Aborted (core dumped)

But in my case using sudo with the command worked perfectly fine.



回答11:

I encountered this problem when I accidently installed the CUDA 9.2 libcudnn7_7.2.1.38-1+cuda9.2_amd64.deb instead of libcudnn7_7.0.5.15-1+cuda9.0_amd64.deb on a system with CUDA 9.0 installed.

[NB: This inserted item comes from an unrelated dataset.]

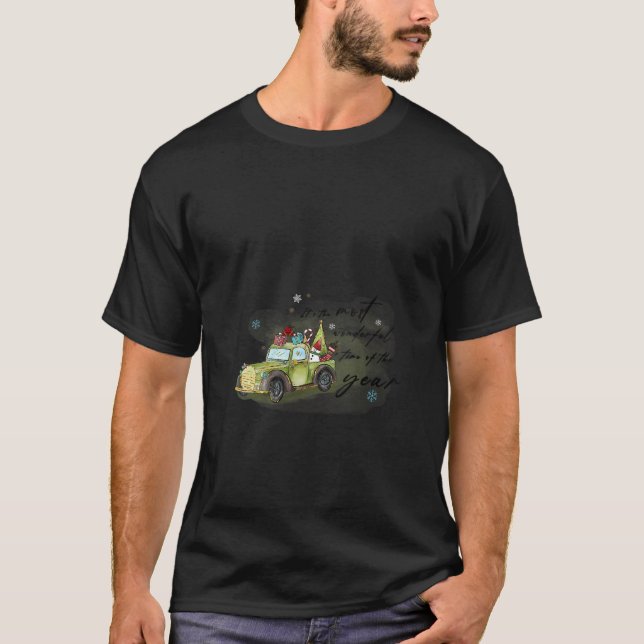 Womens Its The Most Wonderful Time Of The Year Chr T-Shirt (Front)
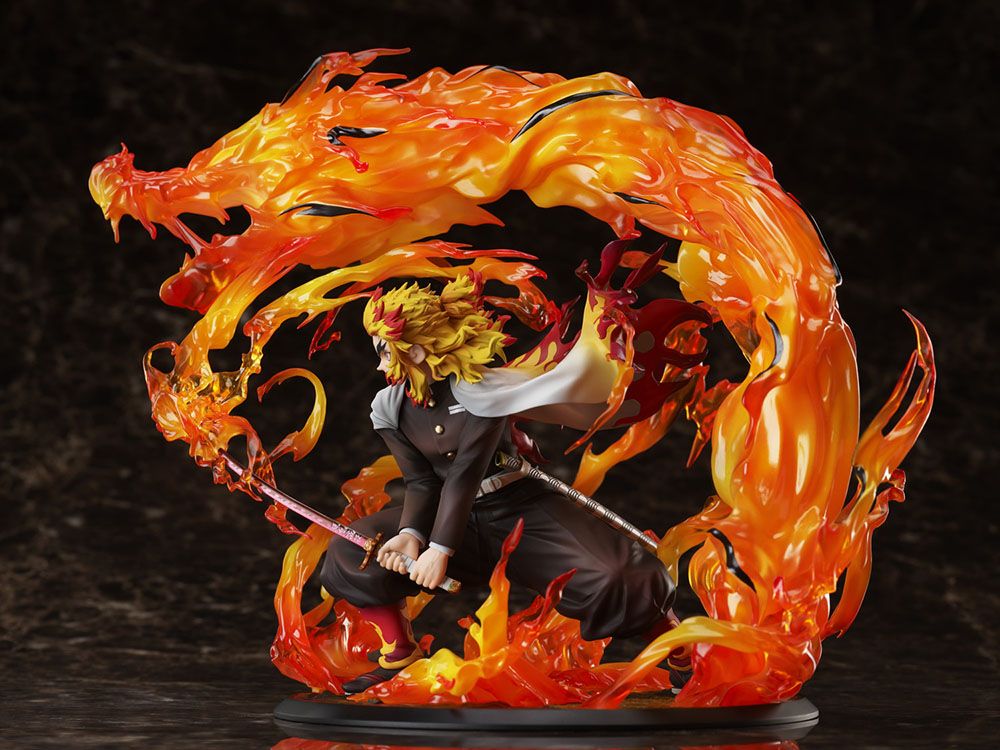 Demon Slayer: Kimetsu no Yaiba Kyojuro Rengoku (Flame Breathing Esoteric Art Ninth Form: Rengoku) 1/8 Scale Figure - Image 5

I got there because I had CUDA 9.2 installed and I had downgraded to CUDA 9.0, and evidently libcudnn is specific to versions.



回答12:

For me, re-running the CUDA installation as described here solved the problem:

# Add NVIDIA package repository
sudo apt-key adv --fetch-keys http://developer.download.nvidia.com/compute/cuda/repos/ubuntu1604/x86_64/7fa2af80.pub
wget http://developer.download.nvidia.com/compute/cuda/repos/ubuntu1604/x86_64/cuda-repo-ubuntu1604_9.1.85-1_amd64.deb
sudo apt install ./cuda-repo-ubuntu1604_9.1.85-1_amd64.deb
wget http://developer.download.nvidia.com/compute/machine-learning/repos/ubuntu1604/x86_64/nvidia-machine-learning-repo-ubuntu1604_1.0.0-1_amd64.deb
sudo apt install ./nvidia-machine-learning-repo-ubuntu1604_1.0.0-1_amd64.deb
sudo apt update

# Install CUDA and tools. Include optional NCCL 2.x
sudo apt install cuda9.0 cuda-cublas-9-0 cuda-cufft-9-0 cuda-curand-9-0 \
    cuda-cusolver-9-0 cuda-cusparse-9-0 libcudnn7=7.2.1.38-1+cuda9.0 \
    libnccl2=2.2.13-1+cuda9.0 cuda-command-line-tools-9-0

During the installation apt-get downgraded cudnn7 which I think is the culprit here. Probably it got updated accidentally with apt-get upgrade to a version which is incompatible with some other piece of the system.



回答13:

Please remember to close your tensorboard terminal/cmd or other terminals, that have interactions to/with the directory. Then you can restart the training at it should work.



回答14:

It has to do with the memory fraction available to load GPU resources to create cudnn handle, also known as per_process_gpu_memory_fraction. Reducing this memory fraction by yourself will solve the error.

> sess_config = tf.ConfigProto(gpu_options =
> tf.GPUOptions(per_process_gpu_memory_fraction=0.7),
> allow_soft_placement = True)
> 
> with tf.Session(config=sess_config) as sess:
>      sess.run([whatever])

Use as small fraction as could fit in your memory. (In the code, I use 0.7, you can start with 0.3 or even smaller, then increase until you get the same error, that's your limit.) Pass it to your tf.Session() or tf.train.MonitoredTrainingSession() or Supervisor's sv.managed_session() as config.

This should allow your GPU create a cudnn handle for your TensorFlow code.